= Adam Daniel Beittel =

American academic

Adam Daniel Beittel (December 19, 1898 - July 26, 1988) was a minister, academic and supporter of civil rights. He was president of Talladega College from 1945 to 1952 and Tougaloo College from 1960 to 1964.

== Early life and education ==
Beittel was born on December 19, 1898, in Lancaster, Pennsylvania. His father was a pet and housewares store owner.

Beittel graduated from the University of Findlay in Findlay, Ohio, in 1922. He received a master of art degree from Oberlin College in 1923 then his bachelor of divinity degree in 1925. In 1929, he received his doctorate of philosophy from the University of Chicago.

== Career ==
An ordained minister, Beittel was a pastor at churches in Columbus, Ohio, Montana and Nashville, Tennessee. He later taught at Earlham College in Indiana and Guilford College in North Carolina. Beittel was known for efforts to promote interracial understanding.
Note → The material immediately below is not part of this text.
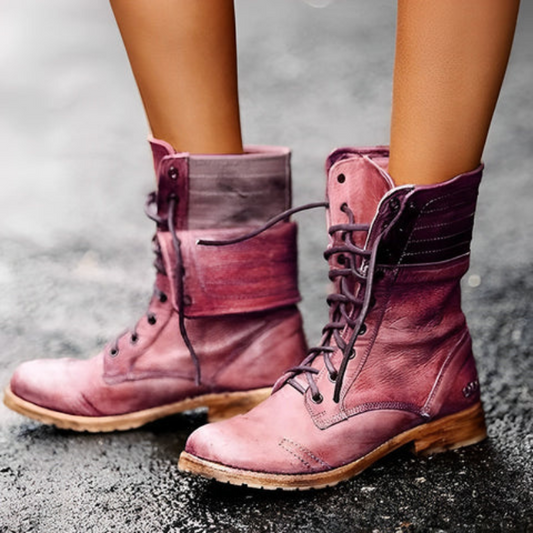 Laarzen - Vrouwen - Leer, Retro - Vintage Laarzen - Aura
In 1945 he became president of Talladega College, a biracial college. Following charges by students, faculty and alumni of his "ambiguous attitude" toward racial discrimination and segregation, among other claims of competency and leadership issues, Beittel was fired in 1952. In its decision the trustees of the college stated, "The members of this body believe Dr. Beittel has been wronged both by the charges made against him and by the methods resorted to by those who attacked him" but conceded he could no longer carry out his duties given the circumstances.

=== Tougaloo College ===
After leaving Talladega College, Beittel was dean of the chapel and professor of religious studies at Beloit College until 1960 when he became president of Tougaloo College, succeeding Samuel C. Kincheloe.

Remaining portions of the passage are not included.